__EXERCISE DIRECTIONS__
From the data below, repeat exactly the lines from the line with "Lens dislocation" to the line with "抽脂瘦腿價(jià)格和親身經(jīng)歷圖", both included.

__EXERCISE MATERIAL__
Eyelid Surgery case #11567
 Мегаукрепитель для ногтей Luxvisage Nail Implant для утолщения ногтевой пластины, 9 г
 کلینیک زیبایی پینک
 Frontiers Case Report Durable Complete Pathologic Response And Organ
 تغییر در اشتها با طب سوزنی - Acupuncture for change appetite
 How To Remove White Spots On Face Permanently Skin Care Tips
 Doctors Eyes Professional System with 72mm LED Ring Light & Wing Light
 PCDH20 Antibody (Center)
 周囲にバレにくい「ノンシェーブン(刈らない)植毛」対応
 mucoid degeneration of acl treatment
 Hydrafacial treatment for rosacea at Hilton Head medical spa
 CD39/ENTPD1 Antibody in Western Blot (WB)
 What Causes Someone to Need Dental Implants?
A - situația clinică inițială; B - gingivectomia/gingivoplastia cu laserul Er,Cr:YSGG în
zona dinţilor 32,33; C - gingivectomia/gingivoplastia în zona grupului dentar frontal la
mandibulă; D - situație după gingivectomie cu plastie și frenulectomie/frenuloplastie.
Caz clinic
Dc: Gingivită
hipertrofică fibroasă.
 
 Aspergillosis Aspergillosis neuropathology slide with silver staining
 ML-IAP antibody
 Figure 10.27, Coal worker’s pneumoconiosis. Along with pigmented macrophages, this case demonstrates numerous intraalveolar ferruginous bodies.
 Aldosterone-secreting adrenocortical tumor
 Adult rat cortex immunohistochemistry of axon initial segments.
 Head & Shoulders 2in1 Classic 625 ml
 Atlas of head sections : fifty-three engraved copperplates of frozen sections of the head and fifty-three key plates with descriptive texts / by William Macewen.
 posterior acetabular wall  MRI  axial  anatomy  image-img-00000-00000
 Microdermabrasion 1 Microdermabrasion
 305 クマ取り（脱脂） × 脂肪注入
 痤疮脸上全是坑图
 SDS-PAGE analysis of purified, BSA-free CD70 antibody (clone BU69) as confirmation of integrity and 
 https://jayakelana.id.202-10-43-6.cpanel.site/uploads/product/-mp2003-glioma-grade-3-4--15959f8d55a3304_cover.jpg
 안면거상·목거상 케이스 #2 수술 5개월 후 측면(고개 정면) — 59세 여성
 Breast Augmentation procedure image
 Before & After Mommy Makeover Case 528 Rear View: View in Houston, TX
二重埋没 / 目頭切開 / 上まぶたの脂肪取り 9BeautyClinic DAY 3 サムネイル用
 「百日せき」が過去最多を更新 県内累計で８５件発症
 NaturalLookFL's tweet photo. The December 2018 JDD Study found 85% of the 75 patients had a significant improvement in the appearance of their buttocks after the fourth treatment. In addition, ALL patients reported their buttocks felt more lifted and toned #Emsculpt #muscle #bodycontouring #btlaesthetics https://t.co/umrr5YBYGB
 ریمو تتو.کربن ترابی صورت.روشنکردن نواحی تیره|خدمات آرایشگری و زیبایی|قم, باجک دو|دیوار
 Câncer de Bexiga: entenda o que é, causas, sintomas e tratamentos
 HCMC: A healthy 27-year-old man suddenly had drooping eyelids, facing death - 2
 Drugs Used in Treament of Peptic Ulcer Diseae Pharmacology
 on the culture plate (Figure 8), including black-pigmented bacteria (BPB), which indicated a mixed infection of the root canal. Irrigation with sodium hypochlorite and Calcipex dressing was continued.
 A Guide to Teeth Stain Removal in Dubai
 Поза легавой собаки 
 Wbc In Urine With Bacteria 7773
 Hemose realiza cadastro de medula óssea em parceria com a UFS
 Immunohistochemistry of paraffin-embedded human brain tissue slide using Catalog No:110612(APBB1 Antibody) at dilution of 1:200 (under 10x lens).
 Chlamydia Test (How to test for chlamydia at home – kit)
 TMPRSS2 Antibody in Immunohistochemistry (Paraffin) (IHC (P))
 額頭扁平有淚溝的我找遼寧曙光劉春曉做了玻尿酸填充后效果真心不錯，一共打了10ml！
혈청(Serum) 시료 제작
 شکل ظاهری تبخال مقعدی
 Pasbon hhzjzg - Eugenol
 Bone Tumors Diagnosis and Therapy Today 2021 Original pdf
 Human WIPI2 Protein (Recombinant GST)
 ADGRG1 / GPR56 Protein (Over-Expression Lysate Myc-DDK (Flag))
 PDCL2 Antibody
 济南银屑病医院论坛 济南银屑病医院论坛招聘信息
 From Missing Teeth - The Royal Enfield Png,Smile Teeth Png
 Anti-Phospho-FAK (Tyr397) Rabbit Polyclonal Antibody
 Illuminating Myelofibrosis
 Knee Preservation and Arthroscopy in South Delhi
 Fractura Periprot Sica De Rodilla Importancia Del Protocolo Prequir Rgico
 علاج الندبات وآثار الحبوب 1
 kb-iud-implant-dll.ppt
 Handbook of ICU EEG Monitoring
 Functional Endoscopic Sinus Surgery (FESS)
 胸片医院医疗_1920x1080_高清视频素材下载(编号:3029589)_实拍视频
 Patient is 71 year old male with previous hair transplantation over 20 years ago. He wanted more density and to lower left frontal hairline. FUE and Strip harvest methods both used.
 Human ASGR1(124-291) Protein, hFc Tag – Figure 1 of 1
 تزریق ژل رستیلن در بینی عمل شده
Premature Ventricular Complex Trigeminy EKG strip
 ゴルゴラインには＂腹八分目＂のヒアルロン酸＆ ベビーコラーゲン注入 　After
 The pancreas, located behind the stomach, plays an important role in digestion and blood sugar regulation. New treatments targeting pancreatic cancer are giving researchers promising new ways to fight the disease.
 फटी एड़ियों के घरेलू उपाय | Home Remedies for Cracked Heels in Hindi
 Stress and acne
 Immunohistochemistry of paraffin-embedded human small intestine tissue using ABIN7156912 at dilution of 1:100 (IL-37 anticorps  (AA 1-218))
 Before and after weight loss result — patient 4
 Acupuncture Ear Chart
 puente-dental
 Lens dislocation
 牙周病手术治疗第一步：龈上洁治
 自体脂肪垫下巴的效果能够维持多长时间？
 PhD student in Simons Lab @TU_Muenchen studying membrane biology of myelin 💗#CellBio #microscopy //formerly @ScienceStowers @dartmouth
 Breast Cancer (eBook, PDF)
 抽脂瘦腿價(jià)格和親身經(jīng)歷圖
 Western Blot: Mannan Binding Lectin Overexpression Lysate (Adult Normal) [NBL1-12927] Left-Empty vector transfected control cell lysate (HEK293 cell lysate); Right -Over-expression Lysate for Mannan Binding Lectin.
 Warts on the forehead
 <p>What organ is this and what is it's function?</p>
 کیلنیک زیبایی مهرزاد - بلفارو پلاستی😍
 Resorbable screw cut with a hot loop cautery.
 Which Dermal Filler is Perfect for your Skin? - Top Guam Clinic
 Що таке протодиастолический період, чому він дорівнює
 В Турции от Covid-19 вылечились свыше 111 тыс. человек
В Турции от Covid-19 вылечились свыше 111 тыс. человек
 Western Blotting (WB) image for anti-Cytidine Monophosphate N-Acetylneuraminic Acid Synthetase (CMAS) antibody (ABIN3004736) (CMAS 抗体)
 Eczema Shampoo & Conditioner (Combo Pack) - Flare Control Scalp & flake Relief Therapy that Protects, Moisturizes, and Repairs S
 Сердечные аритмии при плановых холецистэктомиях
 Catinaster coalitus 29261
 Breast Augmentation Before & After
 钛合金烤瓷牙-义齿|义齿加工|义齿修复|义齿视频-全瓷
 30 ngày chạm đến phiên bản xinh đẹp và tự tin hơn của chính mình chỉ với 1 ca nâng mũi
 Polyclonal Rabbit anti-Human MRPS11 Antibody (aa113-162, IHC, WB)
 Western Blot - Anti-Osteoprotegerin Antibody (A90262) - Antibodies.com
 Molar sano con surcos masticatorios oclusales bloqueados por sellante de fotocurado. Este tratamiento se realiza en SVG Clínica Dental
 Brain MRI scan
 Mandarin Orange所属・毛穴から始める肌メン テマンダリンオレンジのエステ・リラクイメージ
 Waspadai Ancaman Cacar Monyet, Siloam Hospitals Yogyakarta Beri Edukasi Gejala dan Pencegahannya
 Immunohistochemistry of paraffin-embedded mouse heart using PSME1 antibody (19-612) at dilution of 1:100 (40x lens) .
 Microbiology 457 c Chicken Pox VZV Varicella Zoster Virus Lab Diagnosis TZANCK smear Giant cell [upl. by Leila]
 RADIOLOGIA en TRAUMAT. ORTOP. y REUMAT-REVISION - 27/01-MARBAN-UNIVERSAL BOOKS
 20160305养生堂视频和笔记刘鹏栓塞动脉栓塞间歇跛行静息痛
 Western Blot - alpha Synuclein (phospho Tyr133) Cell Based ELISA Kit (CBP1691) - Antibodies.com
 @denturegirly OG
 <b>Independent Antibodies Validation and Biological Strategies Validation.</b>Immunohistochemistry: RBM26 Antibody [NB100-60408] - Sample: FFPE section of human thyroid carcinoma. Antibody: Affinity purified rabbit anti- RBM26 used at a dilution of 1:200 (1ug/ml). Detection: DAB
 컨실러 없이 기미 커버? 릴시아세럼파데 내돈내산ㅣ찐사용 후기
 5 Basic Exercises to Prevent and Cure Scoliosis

__ANSWER TO THIS PROBLEM__
 Lens dislocation
 牙周病手术治疗第一步：龈上洁治
 自体脂肪垫下巴的效果能够维持多长时间？
 PhD student in Simons Lab @TU_Muenchen studying membrane biology of myelin 💗#CellBio #microscopy //formerly @ScienceStowers @dartmouth
 Breast Cancer (eBook, PDF)
 抽脂瘦腿價(jià)格和親身經(jīng)歷圖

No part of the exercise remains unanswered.